A very low total IgE, on the other hand, indicates a low probability of specific IgE sensitization. Binding of IgE specific to that allergen is detected by the use of an enzyme linked anti-human IgE antibody in a colorimetric reaction.
Results of RAST testing show a very good corelation between the presence of IgE antibody in serum and positive skin and provocation tests, as well as symptoms of allergy. Positive RAST results to a specific allergen demonstrate specific IgE sensitization but are not proof that the allergen is the cause of clinical symptoms. In some instances, especially in food allergic individuals where, in rare cases, even skin prick testing with minute amounts of allergen might cause an anaphylactic reaction, RAST using blood samples is a safe method to determine levels of specific IgE antibodies.

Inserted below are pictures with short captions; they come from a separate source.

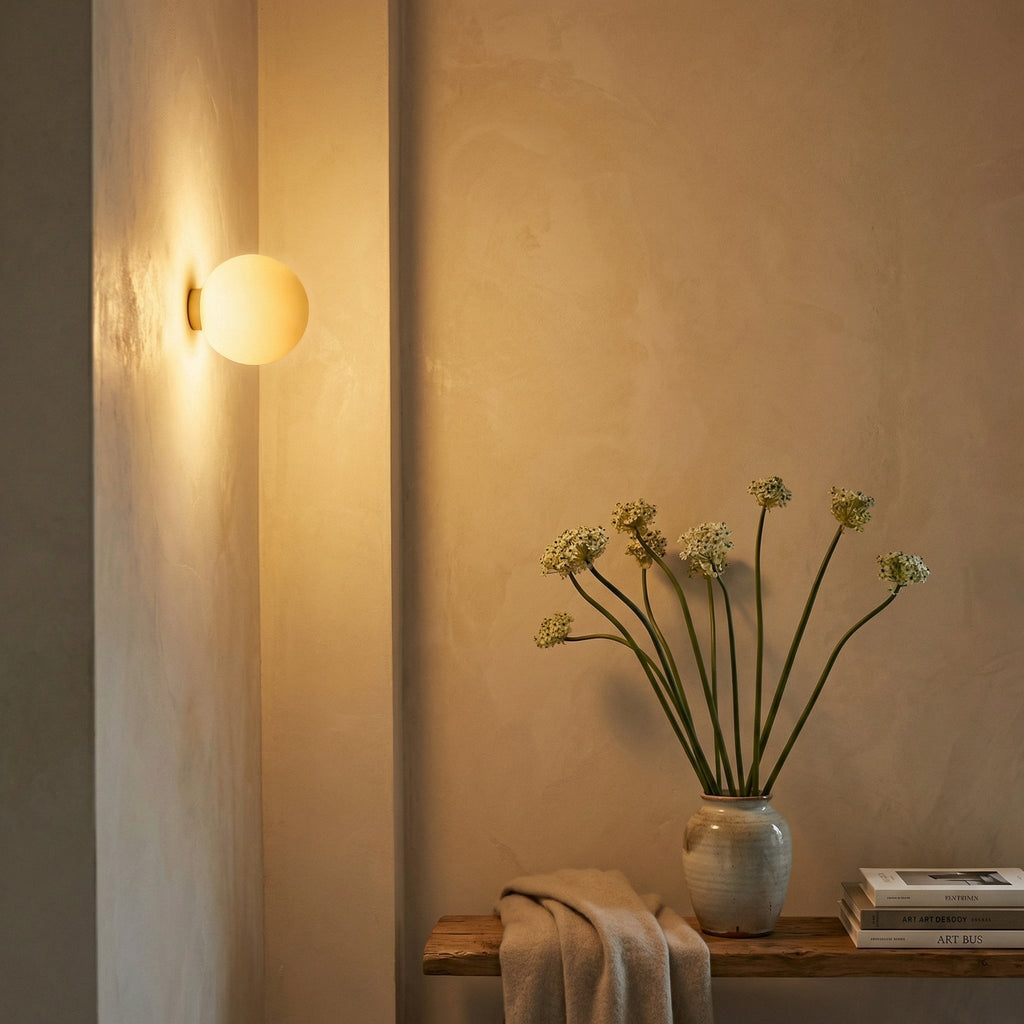 Globe sconce beside mirror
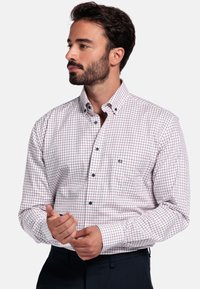 Langsliepend overhemd met lange mouwen in het wit met een rood en blauw ruitpatroon. Bevat een kraag, een borstzak en zwarte knopen.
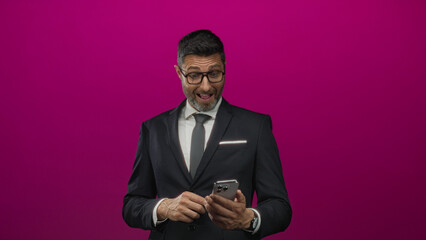 Man in business suit and tie tapping a smartphone with both hands while reading the screen in...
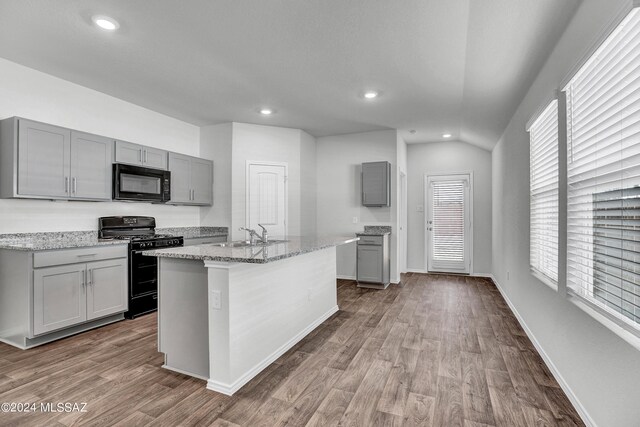 kitchen featuring a wealth of natural light, light stone counters, a sink, black appliances, and gray cabinetry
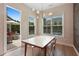 Dining area with a view to a patio and a table set for four at 904 Urban Ash Ct, Johns Creek, GA 30022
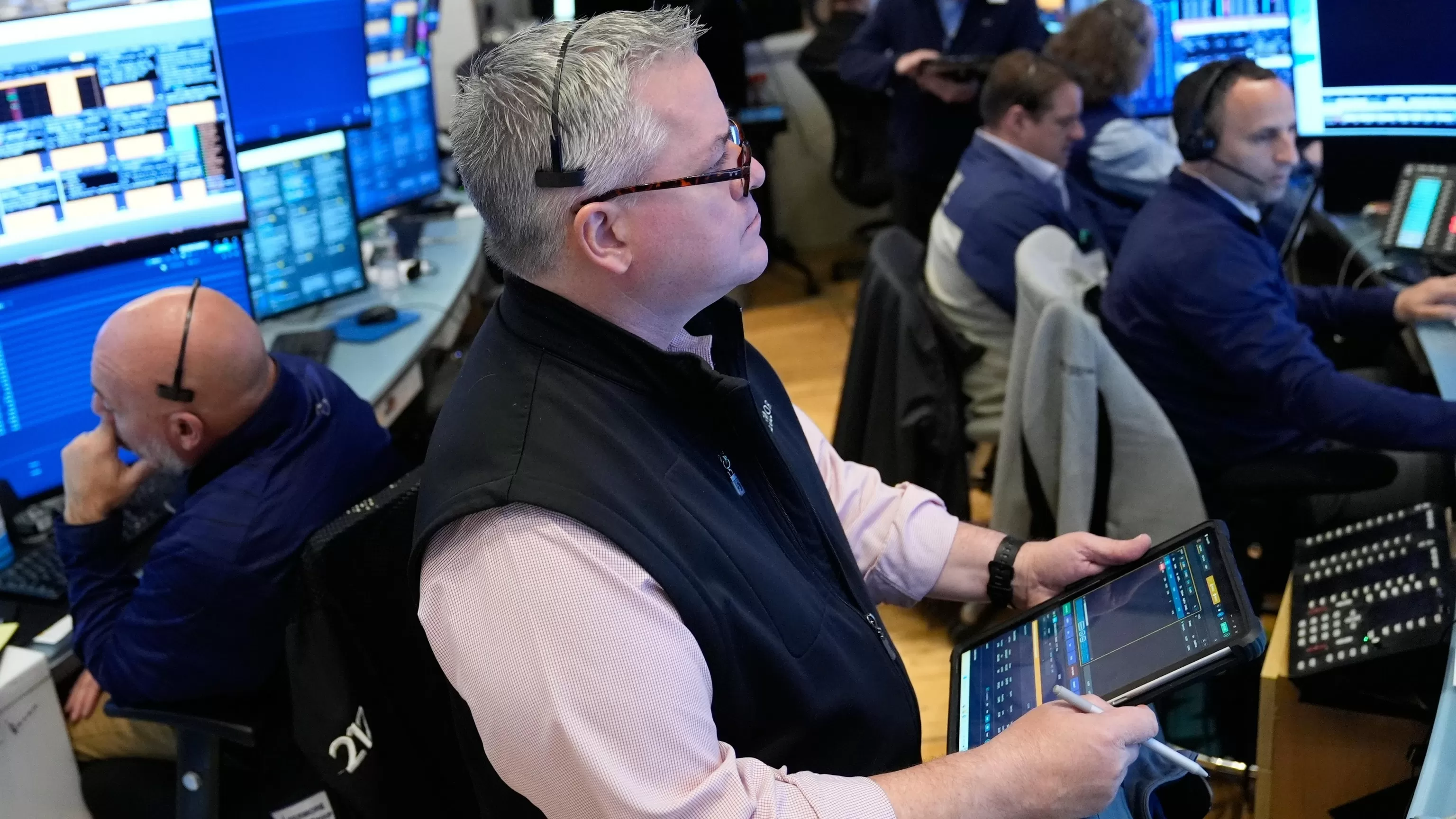 Oil prices jump and stocks are mixed as the US-Iran standoff keeps the Strait of Hormuz in limbo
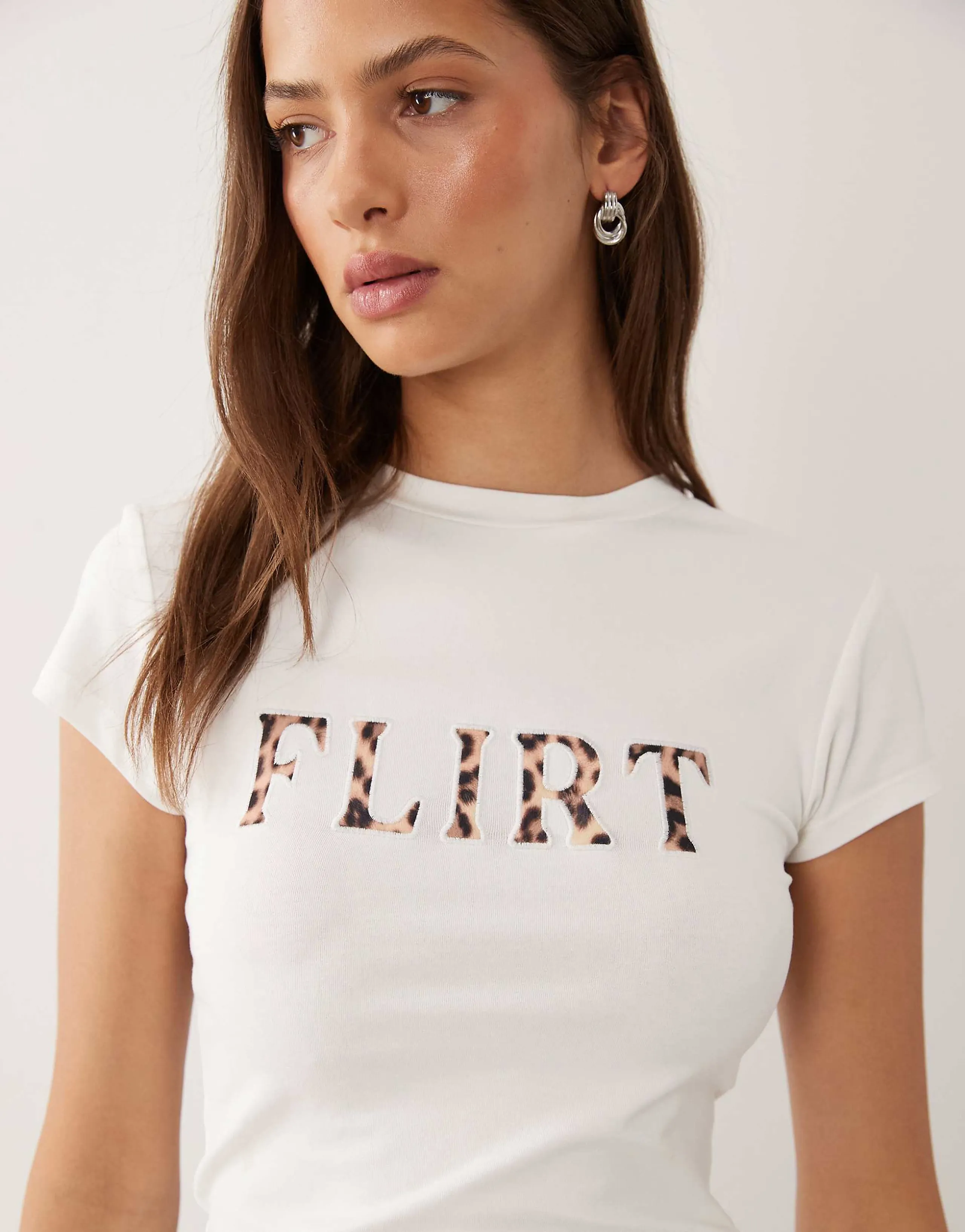 ASOS DESIGN baby tee with 'flirt' slogan in leopard and white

RAST is also the test of choice for individuals who have widespread eczema, which precludes skin prick testing. Approximately different allergens are now available for RAST-based allergy diagnosis. Measurement of total IgE, not IgE antibodies, in serum, secretion or on cell surfaces is of little diagnostic value. The risk of developing allergic disease in a particular organ is related to family history of that organ-based disease.